Jan. 11 (Bloomberg) -- Emerging-market equity funds recorded their biggest-ever weekly inflows as the U.S. budget deal and China’s economic rebound fueled investor demand for riskier assets.
The funds attracted a net $7.4 billion in the week ended Jan. 9 and assets under management reached an all-time high of $781 billion, Jonathan Garner, the chief Asia and emerging market strategist at Morgan Stanley in Hong Kong, wrote in an e-mailed note today. Developing-nation debt funds lured their second-largest inflows of $2 billion, Garner said, citing data compiled by research firm EPFR Global.
Mutual fund purchases have helped spur a 22 percent rebound in the benchmark MSCI Emerging Markets Index from last year’s low on June 4. While big inflows tend to foreshadow short-term market declines, Garner said the combination of global monetary stimulus, accelerating economic growth and an improving outlook for earnings will support share prices.
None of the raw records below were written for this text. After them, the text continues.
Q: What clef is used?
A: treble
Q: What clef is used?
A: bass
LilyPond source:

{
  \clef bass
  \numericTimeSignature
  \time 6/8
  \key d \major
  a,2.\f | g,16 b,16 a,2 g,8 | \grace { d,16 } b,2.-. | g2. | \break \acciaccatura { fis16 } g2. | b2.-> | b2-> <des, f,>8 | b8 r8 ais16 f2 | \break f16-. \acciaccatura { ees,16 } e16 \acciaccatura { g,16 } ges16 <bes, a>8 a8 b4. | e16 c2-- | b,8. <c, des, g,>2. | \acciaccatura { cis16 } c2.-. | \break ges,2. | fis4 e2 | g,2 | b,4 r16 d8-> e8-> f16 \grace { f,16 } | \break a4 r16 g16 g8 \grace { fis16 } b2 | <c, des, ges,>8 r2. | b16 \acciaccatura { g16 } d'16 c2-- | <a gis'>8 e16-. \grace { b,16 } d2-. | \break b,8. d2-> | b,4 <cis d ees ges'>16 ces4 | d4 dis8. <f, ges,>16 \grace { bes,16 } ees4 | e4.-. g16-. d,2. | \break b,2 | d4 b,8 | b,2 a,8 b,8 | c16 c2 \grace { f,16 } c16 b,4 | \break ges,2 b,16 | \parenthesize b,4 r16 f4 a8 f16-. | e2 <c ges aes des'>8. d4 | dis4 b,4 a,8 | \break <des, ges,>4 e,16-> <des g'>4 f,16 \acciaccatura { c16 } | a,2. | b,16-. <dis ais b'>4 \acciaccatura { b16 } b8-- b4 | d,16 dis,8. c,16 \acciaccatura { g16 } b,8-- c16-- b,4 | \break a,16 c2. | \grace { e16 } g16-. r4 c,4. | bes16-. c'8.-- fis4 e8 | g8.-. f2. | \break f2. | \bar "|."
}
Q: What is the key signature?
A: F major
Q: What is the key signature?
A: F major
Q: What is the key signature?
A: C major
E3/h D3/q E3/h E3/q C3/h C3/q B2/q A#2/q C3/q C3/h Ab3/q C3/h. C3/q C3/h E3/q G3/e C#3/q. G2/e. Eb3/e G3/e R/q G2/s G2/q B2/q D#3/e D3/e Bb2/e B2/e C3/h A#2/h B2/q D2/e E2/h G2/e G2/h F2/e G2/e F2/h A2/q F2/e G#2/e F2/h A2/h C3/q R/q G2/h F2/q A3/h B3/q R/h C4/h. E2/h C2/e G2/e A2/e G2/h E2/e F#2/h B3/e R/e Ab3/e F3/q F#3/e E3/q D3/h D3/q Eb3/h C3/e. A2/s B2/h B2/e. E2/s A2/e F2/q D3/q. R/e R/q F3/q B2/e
His year-end target for the MSCI index is 14 percent higher than yesterday’s close.
“We would not expect a significant setback,” Garner and his Hong Kong-based colleague Pankaj Mataney wrote in the report.
The MSCI gauge, which tracks 21 countries, increased 0.4 percent to 1,076.99 yesterday after Chinese trade figures showed bigger-than-estimated gains in exports and imports. The index has risen 2 percent since Jan. 1, when U.S. lawmakers reached a deal to avert automatic tax increases for most workers in the world’s largest economy.
Emerging-market stock funds have posted 18 consecutive weeks of inflows, compared with the record 29-week stretch ended in December 2010, Garner wrote. Funds that invest in developing nations worldwide lured $5.7 billion last week, while Asia funds attracted $1.5 billion. Latin America had about $90 million of inflows and those investing in Europe, the Middle East and Africa lured about $150 million.
Some strategists use fund inflows as a contrary indicator because they suggest investors with a positive view of the market have already purchased shares. The MSCI index’s average drop after periods when four-week inflows exceeded 1.5 percent of assets under management was 4 percent in the following four to five weeks, Bank of America Corp.’s Merrill Lynch said in a Dec. 13 report.
The MSCI emerging-market index trades for about 11 times analysts’ 12-month earnings estimates, in line with the five-year average, according to data compiled by Bloomberg.